ECLI:NL:GHLEE:2009:BH5086
Gerechtshof Leeuwarden
- Hoger beroep
- J.J. Beswerda
- S. Zwerwer
- A.J. Rietveld
- Rechtspraak.nl
Vrijspraak van verdachte in milieuzaken na ongewone voorvallen
In deze zaak heeft het Gerechtshof Leeuwarden op 6 maart 2009 uitspraak gedaan in hoger beroep tegen een vonnis van de economische politierechter in de rechtbank Groningen. De verdachte was ten laste gelegd dat zij een ongewoon voorval, dat nadelige gevolgen voor het milieu kon veroorzaken, niet tijdig had gemeld aan de Gedeputeerde Staten van de provincie. Dit betrof een incident op 8 november 2006 waarbij binnen het bedrijf van de verdachte een mengsel van bitumen, superflux en IPP was vrijgekomen. Het hof oordeelde dat er sprake was van ongewone voorvallen, maar dat het dossier geen basis bood voor de vaststelling dat er daadwerkelijk schade voor het milieu was ontstaan of dreigde te ontstaan. Hierdoor kon de verdachte niet worden veroordeeld voor het ten laste gelegde feit.
De economische politierechter had de verdachte eerder vrijgesproken van de beschuldigingen. De officier van justitie had hiertegen hoger beroep ingesteld, wat leidde tot het onderzoek in hoger beroep. Tijdens de zitting in hoger beroep heeft de advocaat-generaal gevorderd dat het hof de verdachte zou veroordelen tot een geldboete van € 1.200,-. Het hof heeft echter besloten het vonnis van de rechtbank te vernietigen en opnieuw recht te doen. Na beoordeling van de feiten en omstandigheden heeft het hof geconcludeerd dat de verdachte niet schuldig was aan de ten laste gelegde feiten en heeft zij haar vrijgesproken.
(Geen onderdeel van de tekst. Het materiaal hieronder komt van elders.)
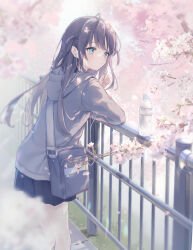 Rule 34 | 1girl, bag, black hair, black skirt, blue eyes, bottle, branch, cherry blossoms, closed mouth, commentary request, day, earbuds, earphones, flower, grey hoodie, highres, holding, holding earphones, hood, hood down, hoodie, looking away, looking to the side, one side up, original, outdoors, pink flower, pleated skirt, railing, shoulder bag, skirt, smile, solo, suzumori uina, water bottle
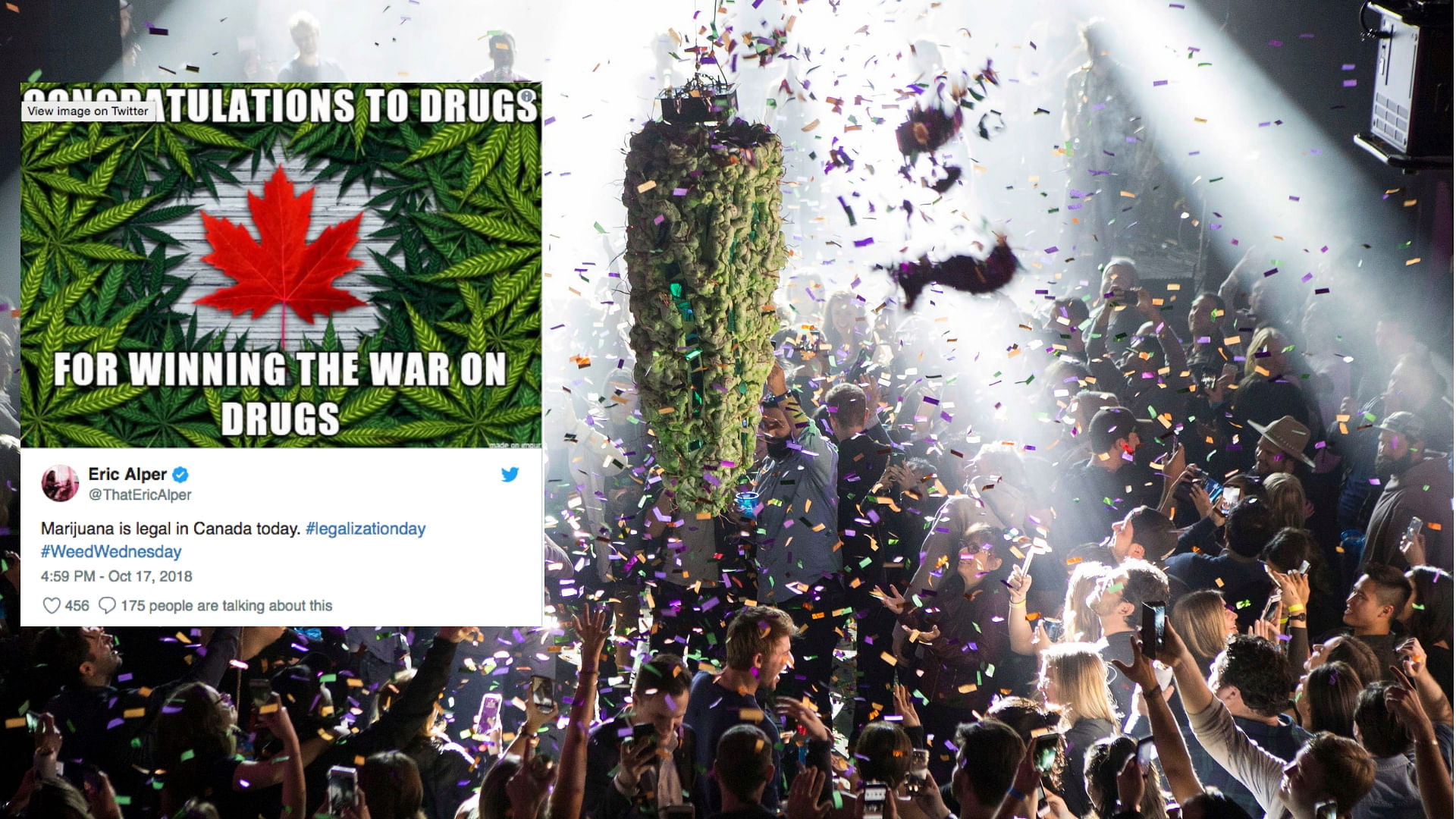 Canadians celebrate the legalisation with a large artificial bud.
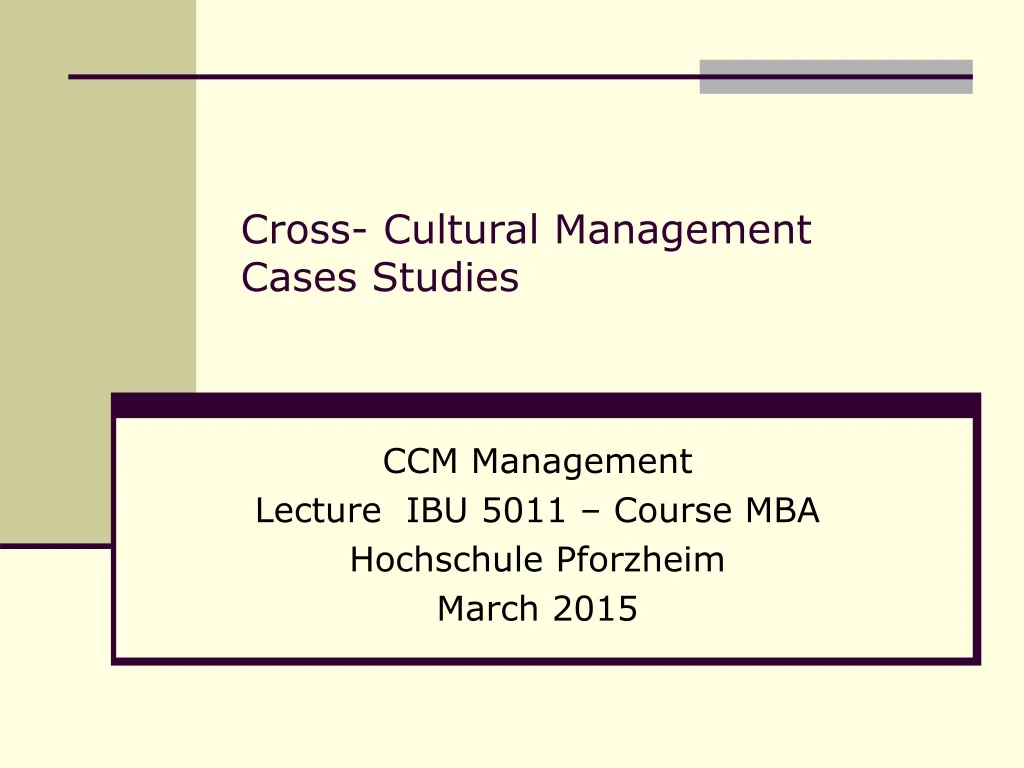 cross cultural management cases studies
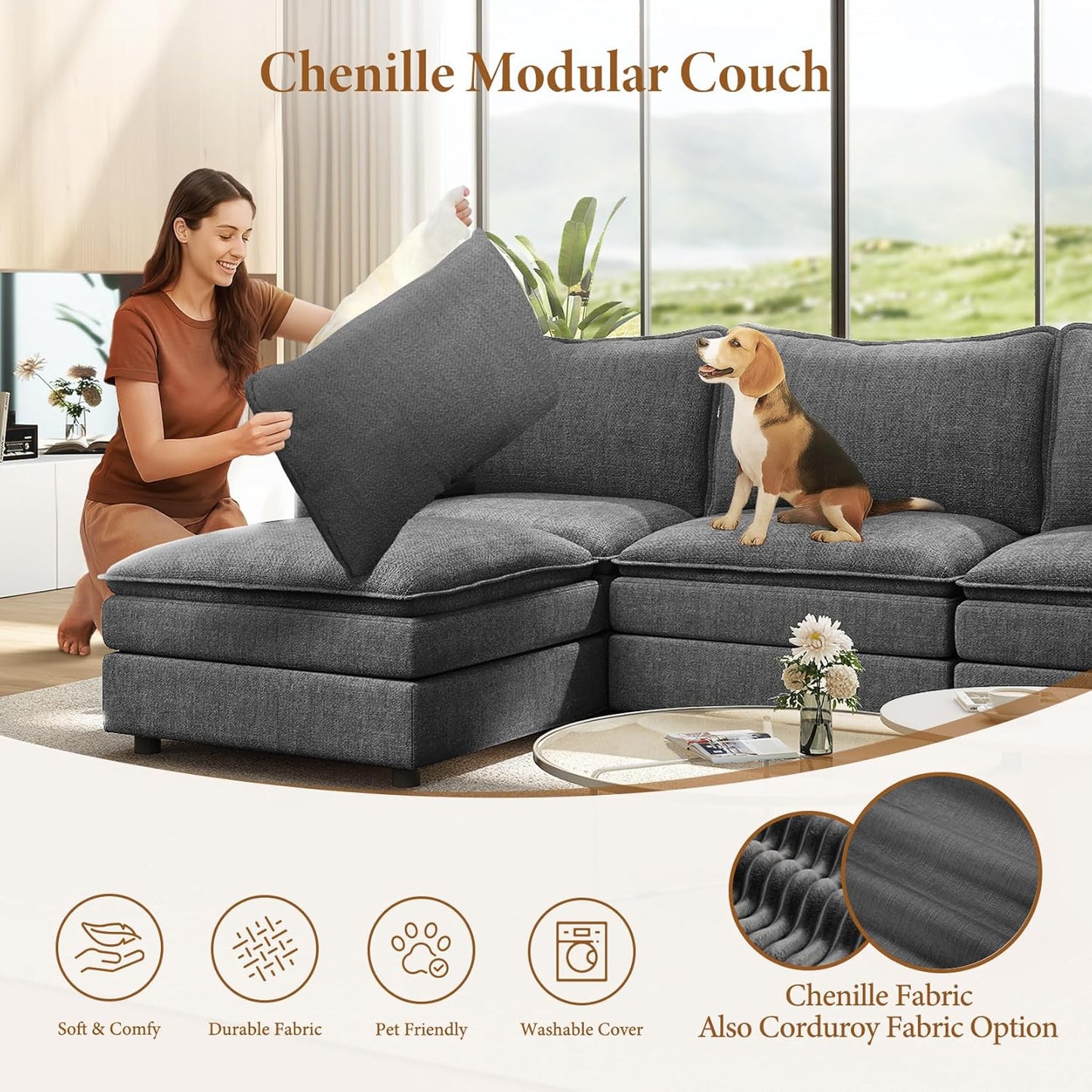 Vesgantti 108" Modular Sectional Sofa, Comfy Cloud Couch with Movable Ottoman Deep Seat Chenille L Shaped Modular Sofa, Sectional Couches for Living Room, Bedroom and Apartment, Gray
Het arrest benadrukt het belang van tijdige meldingen van ongewone voorvallen aan de bevoegde autoriteiten, zoals vastgelegd in de Wet milieubeheer. Echter, in dit geval was er onvoldoende bewijs dat er schade voor het milieu was of dreigde te ontstaan, wat leidde tot de vrijspraak van de verdachte.